Dataset excerpts =>

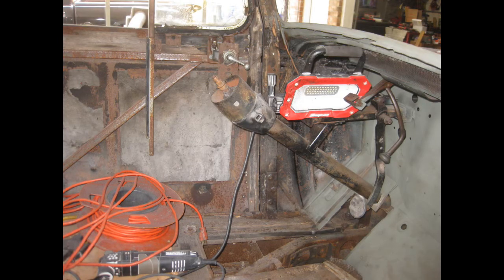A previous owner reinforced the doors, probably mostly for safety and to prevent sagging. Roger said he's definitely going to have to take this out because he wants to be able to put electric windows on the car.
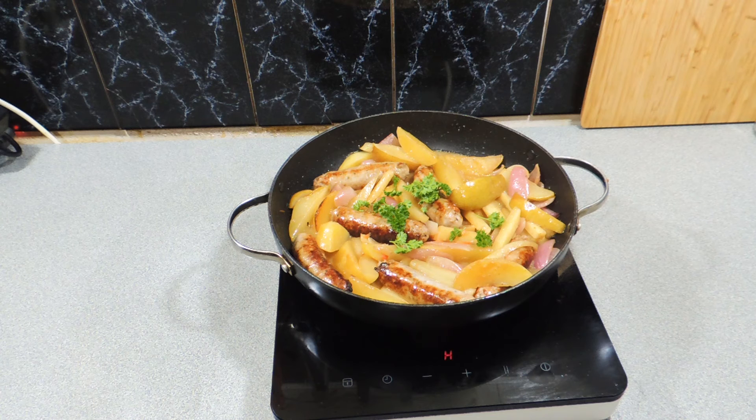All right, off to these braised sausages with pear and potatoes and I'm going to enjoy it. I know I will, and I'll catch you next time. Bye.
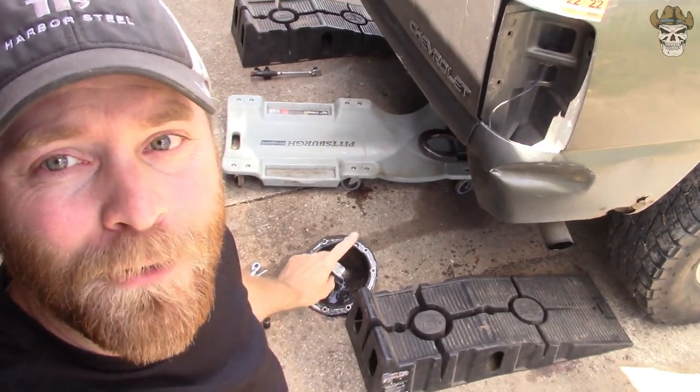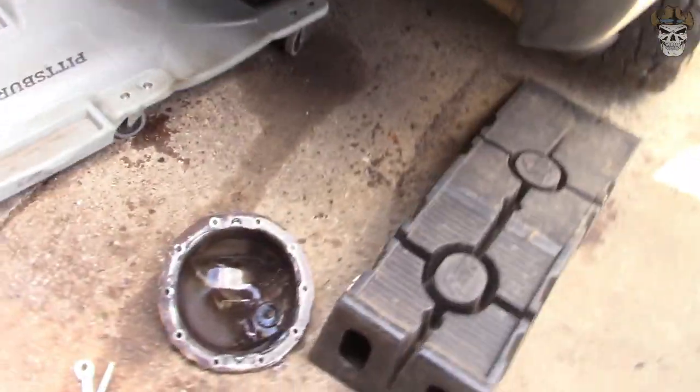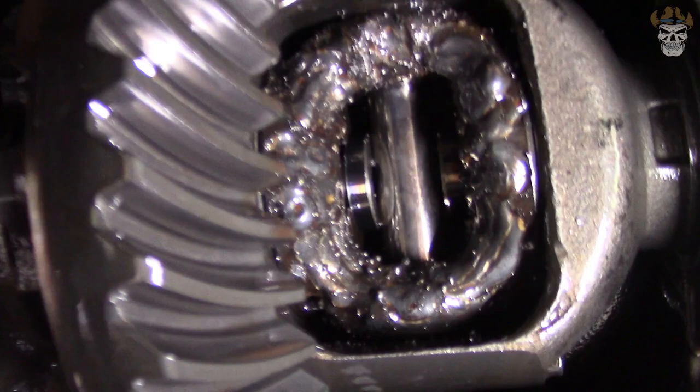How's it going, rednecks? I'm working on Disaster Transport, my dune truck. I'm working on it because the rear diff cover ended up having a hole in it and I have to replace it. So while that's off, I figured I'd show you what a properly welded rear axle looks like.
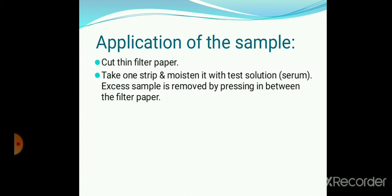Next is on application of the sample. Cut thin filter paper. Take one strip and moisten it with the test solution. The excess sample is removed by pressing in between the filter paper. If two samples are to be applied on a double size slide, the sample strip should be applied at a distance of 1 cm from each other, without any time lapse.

---

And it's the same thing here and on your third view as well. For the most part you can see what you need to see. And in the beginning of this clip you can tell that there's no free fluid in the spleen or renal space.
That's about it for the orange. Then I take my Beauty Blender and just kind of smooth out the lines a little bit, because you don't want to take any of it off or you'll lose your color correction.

==

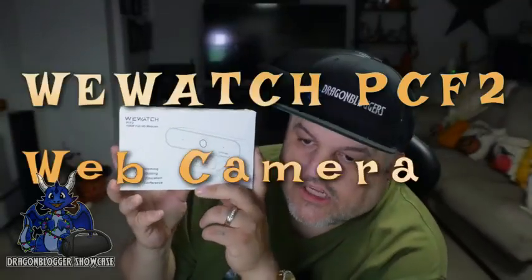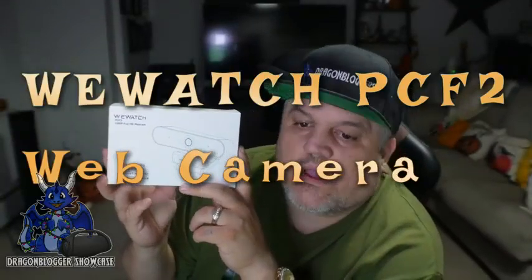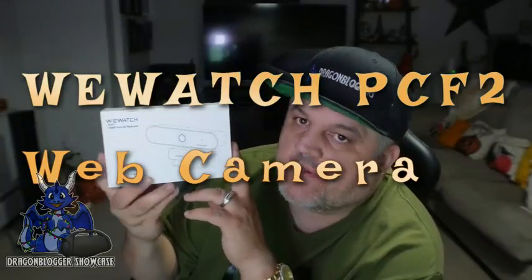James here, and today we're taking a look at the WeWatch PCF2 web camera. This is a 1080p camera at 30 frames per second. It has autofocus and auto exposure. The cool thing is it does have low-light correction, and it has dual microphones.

Aim of the task => Among the entries above, identify all lines with "your" and copy them.

Written response =>
And it's the same thing here and on your third view as well. For the most part you can see what you need to see. And in the beginning of this clip you can tell that there's no free fluid in the spleen or renal space.
That's about it for the orange. Then I take my Beauty Blender and just kind of smooth out the lines a little bit, because you don't want to take any of it off or you'll lose your color correction.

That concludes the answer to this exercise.